REVIEW: Guided by Voices - Alien Lanes (Matador)
- Joe Silva
I had only a minor aural clue about what I was getting into here from a twenty second or so radio snippet I caught of "King and Caroline", track 19 of 28, on the latest Guided By Voices release, Alien Lanes. After hearing all of the lopsided intent on Crooked Rain, Crooked Rain, I strayed from most bands that drew any Pavement comparisons. So, I had no business allowing my curiosity to veer towards Alien Lanes. For those who marveled (like myself) at genuine low-fi fare like Pavement's "Cut Your Hair" eventually wound up on The Tonight Show, will be stunned at all the acclaim being allotted to GBV's no-fi stance.
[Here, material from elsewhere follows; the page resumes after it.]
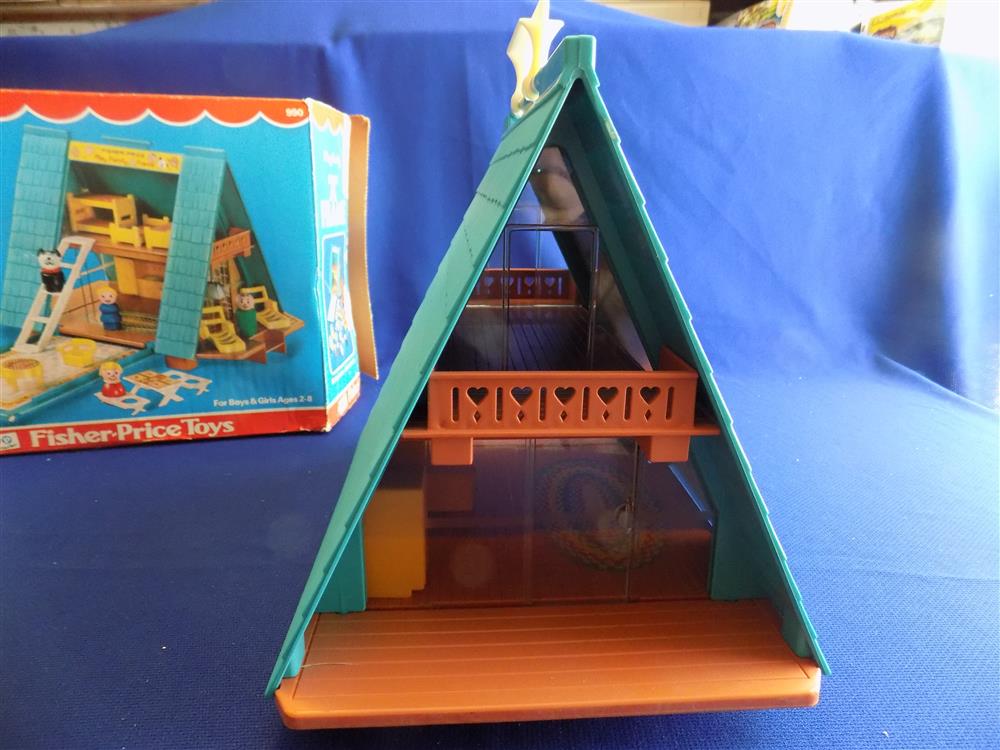 Fisher Price Little People Play Family A Frame House #990 Near mint with box picture 8836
From the kickoff of "A Salty Salute" and onwards the Voices pitch these tunes in a demo quality wrapper, despite the fact that someone (a "Mr. Japan" to be exact...) does gets production credit here. Initially, one spin of this going in the background, made me feel Sebadoh had all over again, but a more focused playing eradicated all that...or a good part of that anyway. Sure, things go beyond being frayed sound-wise, but there are so many gems here, it's a factor largely worth ignoring. I'm not sure why there are five people pictured on the jacket (I pick out 3 instruments at best on most tracks...), but Robert Pollard and company pull off a bent but nonetheless pure pop effort. Nothing seems to venture very far past the three minute mark, and that's that becomes the most frustrating element on Lanes. Tunes like "Watch Me Jumpstart" and "As We Go Up We Go Down" just get to loping along when they fall off a musical cliff, disappearing unfinished, and with not even so much as an aftertaste to remind you of what went on. It's like a taped diary of fantastic notions that you pass along to someone in your band to build on. It prompts you to wonder how much collective material there is time wise on the recently released box set that looks back across all their previous records. But while they last, songs like "Game of Pricks" sound like lost Byrds sessions, full of shimmering, tuneful moments that resonate with British invasion pop melodies and voicings. Trust me, I checked. There are some valid underground moments, not grunge-ridden, but free-form and unencumbered by any traditional structure like a set of lyrics that Mark E. Smith might pen for a Fall record. I can only hope that live, this stuff blossoms and they play with it a bit. Already perched as one to be knocked from the year end Top Ten heap.